→ TASK DETAILS: Within the data that follows, set down exactly the lines from the one containing "Providence A Novel of the West cover image" through the one containing "Valencia - Benifaió - 352m2", both ends included.

→ MATERIAL PROVIDED:
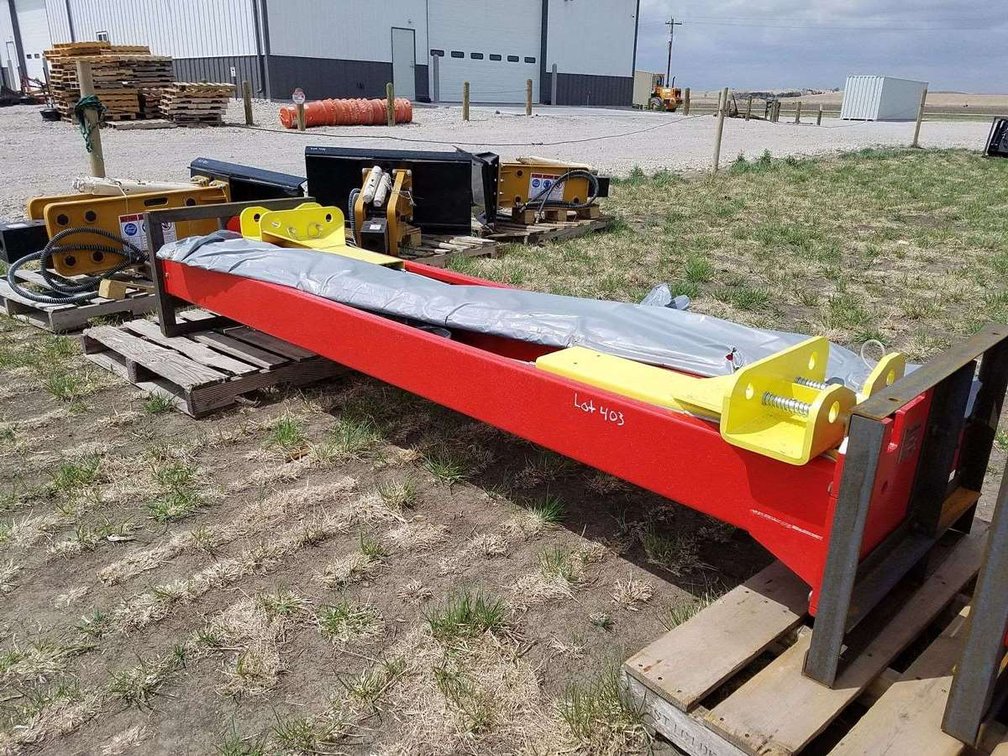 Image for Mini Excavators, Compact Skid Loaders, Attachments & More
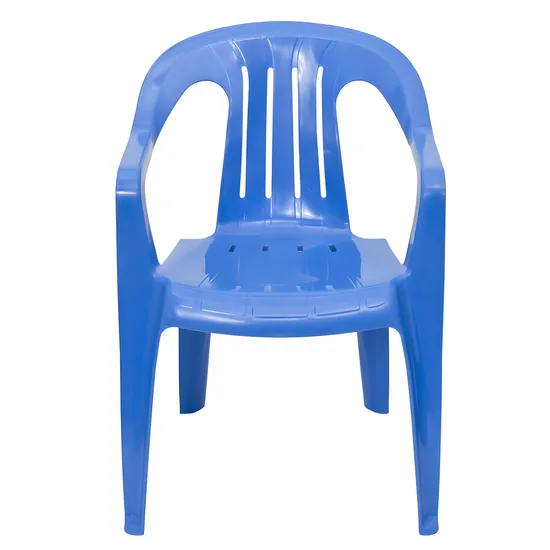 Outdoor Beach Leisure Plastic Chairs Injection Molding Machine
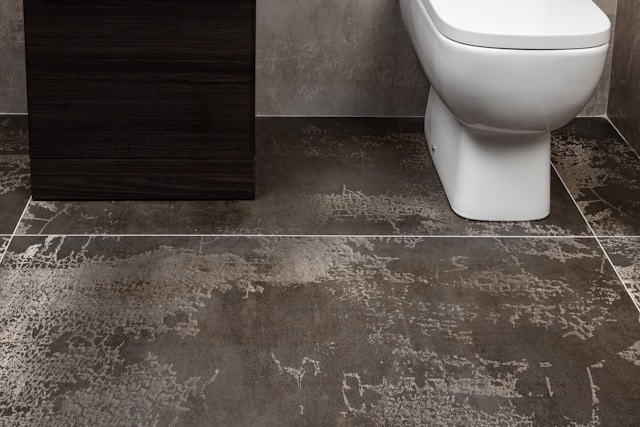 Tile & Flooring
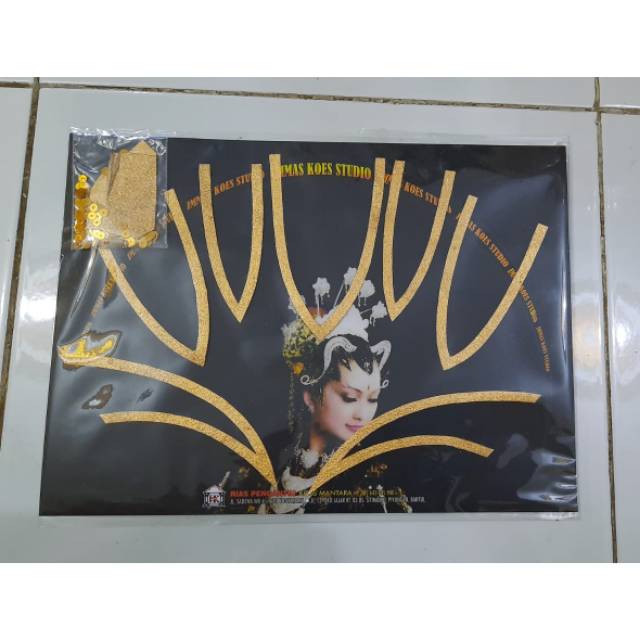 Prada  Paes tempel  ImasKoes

* * *

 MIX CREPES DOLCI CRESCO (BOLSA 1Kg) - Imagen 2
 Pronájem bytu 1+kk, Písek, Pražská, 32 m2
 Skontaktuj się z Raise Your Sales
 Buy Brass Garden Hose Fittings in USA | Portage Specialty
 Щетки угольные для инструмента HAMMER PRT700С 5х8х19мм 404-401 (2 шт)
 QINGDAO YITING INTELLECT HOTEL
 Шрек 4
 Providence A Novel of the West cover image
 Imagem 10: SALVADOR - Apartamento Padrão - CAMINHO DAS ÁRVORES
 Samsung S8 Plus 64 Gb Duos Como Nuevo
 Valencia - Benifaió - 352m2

...

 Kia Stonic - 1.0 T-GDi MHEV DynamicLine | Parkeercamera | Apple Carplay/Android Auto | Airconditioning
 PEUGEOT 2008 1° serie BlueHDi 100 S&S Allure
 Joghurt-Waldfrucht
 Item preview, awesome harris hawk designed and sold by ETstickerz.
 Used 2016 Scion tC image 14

→ WRITTEN SOLUTION:
 Providence A Novel of the West cover image
 Imagem 10: SALVADOR - Apartamento Padrão - CAMINHO DAS ÁRVORES
 Samsung S8 Plus 64 Gb Duos Como Nuevo
 Valencia - Benifaió - 352m2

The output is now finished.